Anti-Phase Noise Suppression Rotor Technologies
Rotor noise and vibration are two sources of operational challenges for all aircraft operating with open rotors such as helicopters, unmanned aerial vehicles (UAVs), urban air mobility personal air vehicles, drones, and aircraft operating with ducted fans such as passenger aircraft. One disadvantage of convention rotor design is the noise due to noise-induced shed vortices generated by rotor blades. The unique problem with rotor noise and vibration is the periodic blade passage that causes a harmonic reinforcement and causes the rotor blades to vibrate and generate noise sources. This technology from NASA Ames seeks to optimize the implementation of anti-phase trailing edge designs and asymmetric blade tip treatments for rotor noise suppression and integrated aircraft noise solutions by incorporating the anti-phase rotor design concepts into an aircraft flight control system to reduce noise footprint. There are several embodiments of the invention, which include the following: (1) an anti-phase trailing edge design whereby the trailing edge pattern of the leading rotor blade is offset by a phase shift from the trailing edge pattern of the following blade; (2) an anti-phase rotor design implementing asymmetric blade tips with inverted airfoil; and (3) other anti-phase enabled concepts such as unequal blade length, ducted rotors with non-radial unequally spaced struts, and multi-axis tilt rotor design incorporating the anti-phase rotor design.
Transport Aircraft
Aeroelastic Wing Shaping
Distributed propulsion and lightweight flexible structures on air vehicles pose a significant opportunity to improve mission performance while meeting next generation requirements including reduced fuel burn, lower emissions, and enhanced takeoff and landing performance. Flexible wing-shaping aircraft using distributed propulsion enable the ability to achieve improved aerodynamic efficiency while maintaining aeroelastic stability.
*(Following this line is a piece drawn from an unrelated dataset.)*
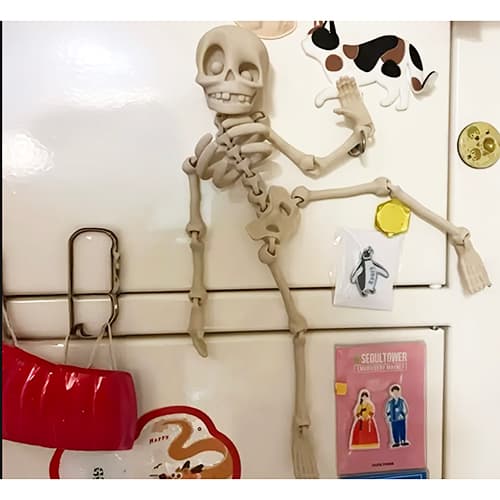 Toy magnet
Wing shaping concepts using distributed propulsion leverage the ability to introduce forces/ moments into the wing structure to affect the wing aerodynamics. This can be performed throughout the flight envelope to alter wing twist, hence local angle of attack, as the wing loading changes with air vehicle weight during cruise. Thrust-induced lift can be achieved by distributed propulsion for enhanced lift during take-off and landing. For a highly flexible wing structure, this concept could achieve a 4% improvement in lift-to-drag ratio, hence reduced fuel burn, as compared to a conventional stiff wing. This benefit is attributed to a reduction in lift-induced drag throughout the flight envelope by actively shaping the spanwise lift distribution using distributed propulsion. Vertical tail size could be reduced by utilizing differential thrust flight-propulsion control. This will result in weight reduction to achieve further fuel savings. Aeroelastic stability is addressed in the design process to meet flutter clearance requirements by proper placement of the propulsion units. This technology enables synergistic interactions between lightweight materials, propulsion, flight control, and active aeroelastic wing shaping control for reducing the environmental impact of future air vehicles.